Nein, er zaudert, zaudert vor der großen Chance. Lass dich einfach von ihr tragen, denk am besten gar nicht nach ruft der Beobachter dem Surfer-Du zu. Doch der doppelte Imperativ verpufft: Nirgends ist zu hören oder zu lesen, dass der Surfer mit einem beherzten Sprung auf sein Brett reagiert. Stattdessen verharrt er an seinem Strandplatz, stellt sich in den Sturm und schreit. Natürlich: Selbstbewusst und enthusiastisch klingt dieser Schrei – Ich bin hier, ich bin frei hat mindestens soviel Euphorie-Gehalt wie Freude schöner Götterfunken. Ein Hineinstürzen ins Glück sieht dennoch anders aus. Sind also seine Zweifel zu groß, dass der Moment tatsächlich gekommen ist? Gibt es tatsächlich immer noch Zweifel, dass man hier und jetzt zugreifen muss, um Glück zu erfahren?

Oder möchte uns Juli den Verzicht des Surfers – unseren Verzicht – als größtes Glück verkaufen? Wenn das die Botschaft wäre, könnte man getrost auf das Lied verzichten. Die mehrfache Aufforderung an den zaudernden Surfer, den Zauderer in uns, – im Refrain und besonders am Ende mehrfach wiederholt – lässt an dieser Botschaft glücklicherweise zweifeln.

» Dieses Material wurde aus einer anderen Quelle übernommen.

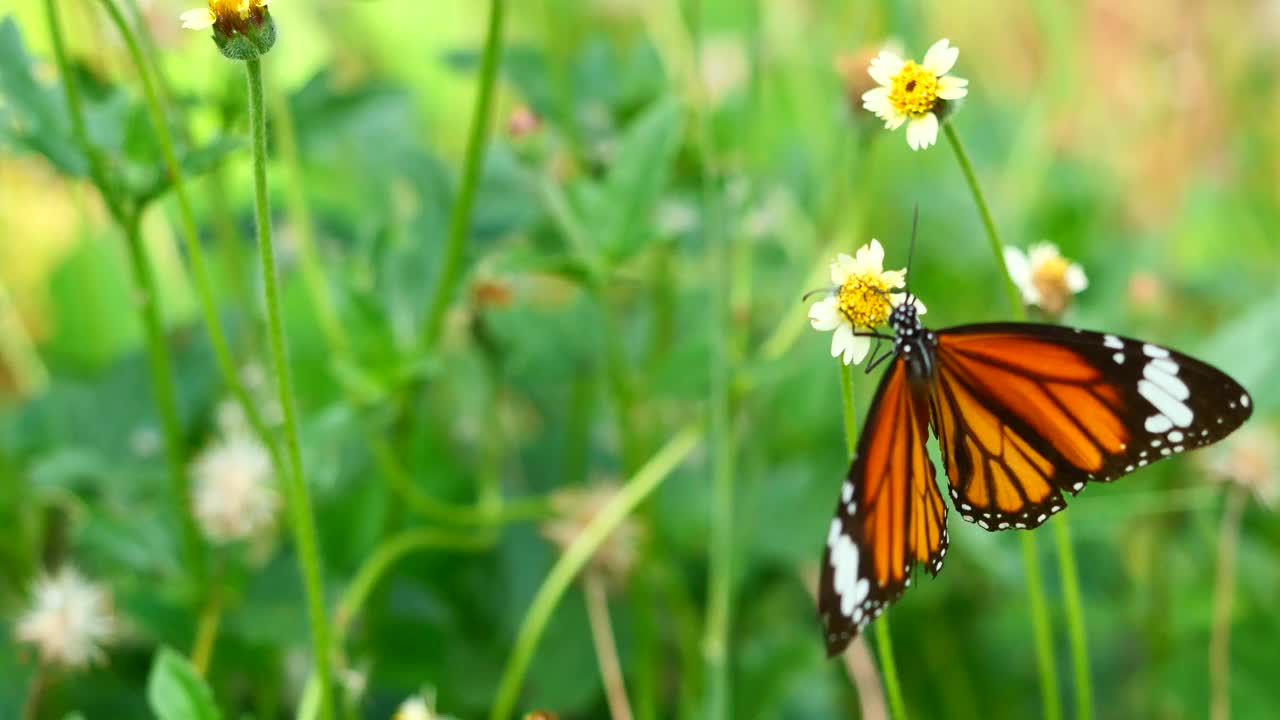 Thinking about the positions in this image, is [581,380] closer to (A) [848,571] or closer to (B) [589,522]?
(B) [589,522]

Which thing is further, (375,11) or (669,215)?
(375,11)

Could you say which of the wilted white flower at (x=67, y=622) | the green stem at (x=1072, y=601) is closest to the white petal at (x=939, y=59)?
the green stem at (x=1072, y=601)

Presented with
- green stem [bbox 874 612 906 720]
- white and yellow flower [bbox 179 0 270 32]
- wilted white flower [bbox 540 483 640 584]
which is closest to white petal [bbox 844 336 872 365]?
green stem [bbox 874 612 906 720]

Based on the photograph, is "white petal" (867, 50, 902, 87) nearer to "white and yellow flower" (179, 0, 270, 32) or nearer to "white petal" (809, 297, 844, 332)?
"white petal" (809, 297, 844, 332)

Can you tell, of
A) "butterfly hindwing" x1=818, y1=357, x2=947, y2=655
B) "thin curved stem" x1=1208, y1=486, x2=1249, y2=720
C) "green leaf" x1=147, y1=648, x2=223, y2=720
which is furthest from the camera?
"thin curved stem" x1=1208, y1=486, x2=1249, y2=720

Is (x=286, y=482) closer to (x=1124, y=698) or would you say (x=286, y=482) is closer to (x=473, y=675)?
(x=473, y=675)

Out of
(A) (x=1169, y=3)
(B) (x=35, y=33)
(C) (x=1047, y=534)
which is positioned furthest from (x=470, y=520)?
(A) (x=1169, y=3) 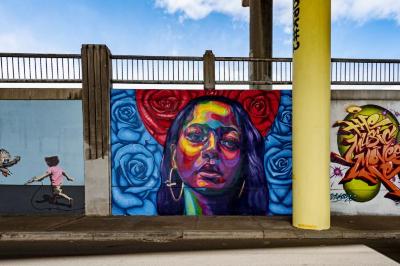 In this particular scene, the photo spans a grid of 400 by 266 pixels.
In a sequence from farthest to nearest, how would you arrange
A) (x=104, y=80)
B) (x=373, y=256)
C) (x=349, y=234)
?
1. (x=104, y=80)
2. (x=349, y=234)
3. (x=373, y=256)

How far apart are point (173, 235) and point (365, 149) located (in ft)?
19.2

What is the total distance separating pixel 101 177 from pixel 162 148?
186cm

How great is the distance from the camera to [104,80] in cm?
883

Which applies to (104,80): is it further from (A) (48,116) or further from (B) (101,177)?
(B) (101,177)

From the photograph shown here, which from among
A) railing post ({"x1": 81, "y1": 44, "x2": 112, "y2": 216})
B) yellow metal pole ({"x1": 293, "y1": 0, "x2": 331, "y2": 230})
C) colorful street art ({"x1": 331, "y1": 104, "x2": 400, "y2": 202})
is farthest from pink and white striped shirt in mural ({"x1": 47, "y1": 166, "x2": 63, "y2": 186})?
colorful street art ({"x1": 331, "y1": 104, "x2": 400, "y2": 202})

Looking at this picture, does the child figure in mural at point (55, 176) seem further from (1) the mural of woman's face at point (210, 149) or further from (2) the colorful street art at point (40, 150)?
(1) the mural of woman's face at point (210, 149)

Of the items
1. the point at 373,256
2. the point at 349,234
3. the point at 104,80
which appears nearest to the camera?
the point at 373,256

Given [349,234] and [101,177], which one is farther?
[101,177]

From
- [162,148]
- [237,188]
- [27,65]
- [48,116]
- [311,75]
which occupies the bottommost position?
[237,188]

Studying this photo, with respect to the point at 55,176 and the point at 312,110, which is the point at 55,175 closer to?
the point at 55,176

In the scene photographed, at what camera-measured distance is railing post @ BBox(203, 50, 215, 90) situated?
9.08 meters

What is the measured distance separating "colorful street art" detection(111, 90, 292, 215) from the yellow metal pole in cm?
158

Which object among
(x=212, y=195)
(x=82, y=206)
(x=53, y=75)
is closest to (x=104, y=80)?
(x=53, y=75)

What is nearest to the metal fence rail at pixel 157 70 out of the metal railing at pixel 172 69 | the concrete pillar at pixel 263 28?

Denn mit dieser Wiederholung seines Imperativs wird der Beobachter zur eigentlich interessanten Figur: Er ist der Akteur des Liedes. Er ist ein bester Freund, der Warten, Hoffen, Zaudern reflektiert. Ein Antreiber, der Bangen anerkennt, aber nicht duldet. Der Wegweiser, der unermüdlich drängt, sich auftuende Chancen zu nutzen. Er ist die Figur in diesem Lied, mit der sich die Identifikation lohnt.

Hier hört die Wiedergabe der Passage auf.